Over-engineering a bookmarklet

When I wrote the Bookcision bookmarklet three years ago I was surprised by how much functionality you could stuff into a bookmarklet, and how much tooling existed to make it easier to build such a thing.

Bookcision is open source so feel free to follow along.

Bookcision

What is Bookcision

When highlights are created on any Kindle device, they are synced up to Amazon’s cloud. These are then visible at kindle.amazon.com. I wanted a way to cleanly download my highlights onto my local computer (for backup or whatever). Bookcision is a bookmarklet that can help you:

  • Browse your Kindle notes & highlights in an easy-to-read format.
  • Download your Kindle notes & highlights as JSON, XML, or plain-text.
  • Copy-and-paste with the click of a button.

Bookmarklet bootstrapping

Clicking the bookmarklet

A bookmarklet is just a piece of JavaScript that you can execute on any website by clicking on a bookmark, usually created by someone other than the author of the website, with the intent of adding functionality. On the Bookcision site there are instructions on how to install the bookmarklet. This entails dragging a large image to one’s bookmark bar: Instructions

The image is wrapped in an anchor tag with the following href:

javascript:(function%20(e){var%20t=document.createElement("script");t.setAttribute("src",e),t.setAttribute("crossorigin","anonymous"),document.body.appendChild(t)}('//norbauercdn.blob.core.windows.net/bookcision/latest/bookcision.js'));

This URL is what the browser navigates to when they click the newly-created bookmarklet.
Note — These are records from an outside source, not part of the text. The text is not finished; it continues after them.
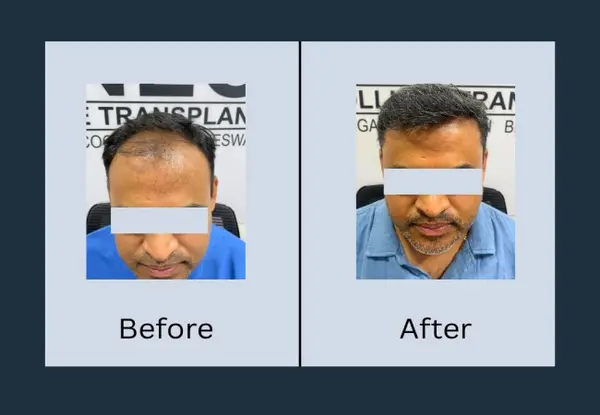 Hair transplant before and after: diffuse thinning across the front and mid-scalp with the scalp showing through, then noticeably denser coverage.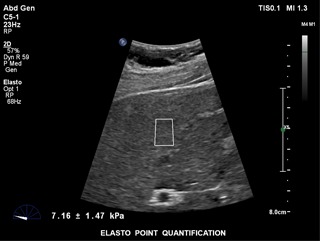 ultrasound c5-1 transducer liver abdominal ultrasound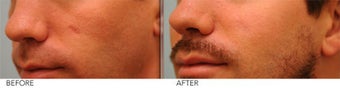 Scar Revision after 361411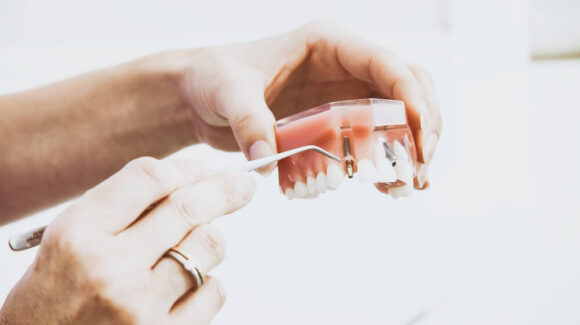 Z czego wykonane są implanty zębowe?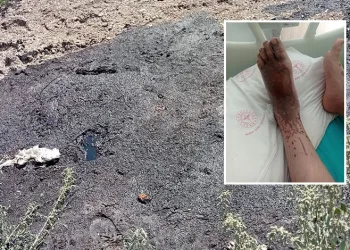 Fabrikanın tarlaya bıraktığı asit, çocuğun hayatını alt üst etti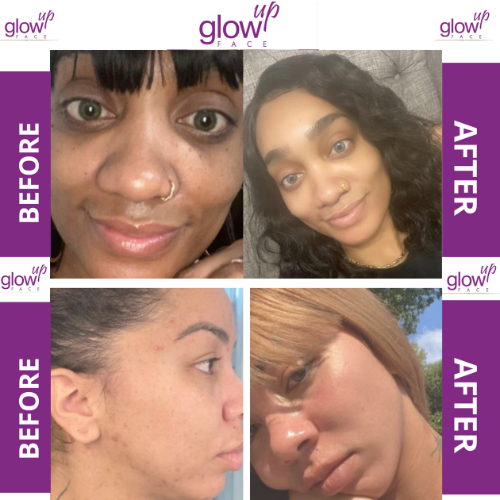 GlowUP Kit– Glow Skin Enhancement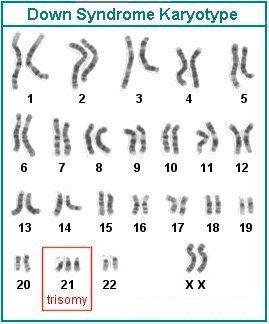 a chromosome Down syndrome is caused by three copies of chromosome 21 Turner s syndrome is when a female only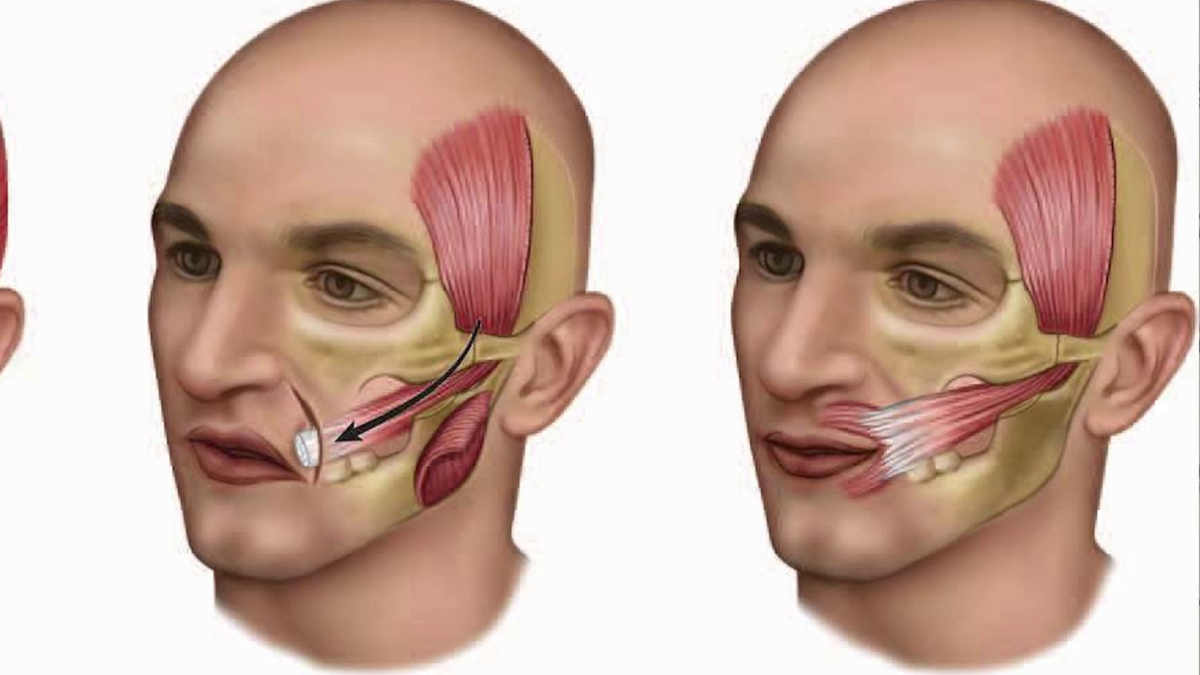 Спазм нижней челюсти. Сухожилие височной мышцы. Атрофия жевательных мышц. Сухожилия на лице. Щечная и жевательная мышца.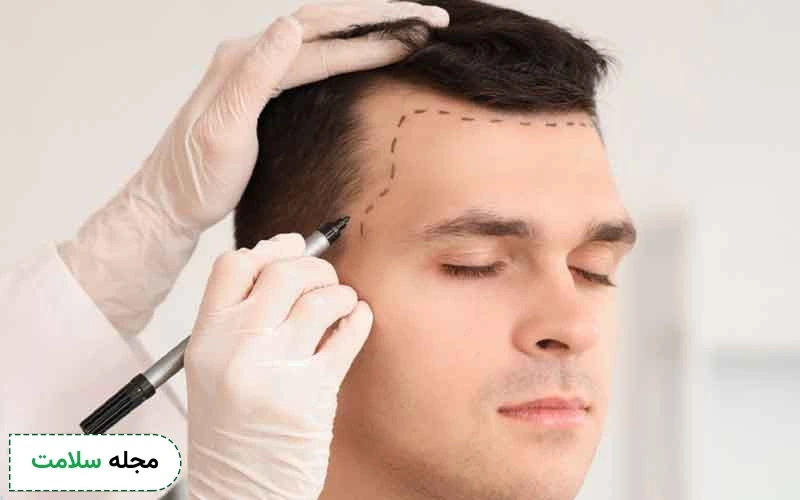 کاشت مو با تراکم بالا برای چه افرادی مناسب است؟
Where did that come from? Well, let’s start with some a simple function which takes a URL to a script and adds it to the page:

function addScript(codeURL) {
    var scriptElement = document.createElement('script');
    scriptElement.setAttribute('src', codeURL);
    scriptElement.setAttribute('crossorigin', "anonymous");
    document.body.appendChild(scriptElement);
}

The only interesting tidbit here is the not-yet-standardized “crossorigin” attribute on the script tag which was recommended by Rollbar

Now we add some code to call this function with our bookmarklet JS URL (the bundle that is the output of our webpack build step):

function addScript(codeURL) {
    var scriptElement = document.createElement('script');
    scriptElement.setAttribute('src', codeURL);
    scriptElement.setAttribute('crossorigin', "anonymous");
    document.body.appendChild(scriptElement);
}
addScript('//norbauercdn.blob.core.windows.net/bookcision/latest/bookcision.js');

This can be minified to:

(function (e){var t=document.createElement("script");t.setAttribute("src",e),t.setAttribute("crossorigin","anonymous"),document.body.appendChild(t)}('//norbauercdn.blob.core.windows.net/bookcision/latest/bookcision.js'))

To craft a URL that executes JS code, create a URL of the form:

javascript:<code>

Where javascript is the scheme and everything after the colon is URL-encoded JS code. In Bookcision, this all gets generated with this code.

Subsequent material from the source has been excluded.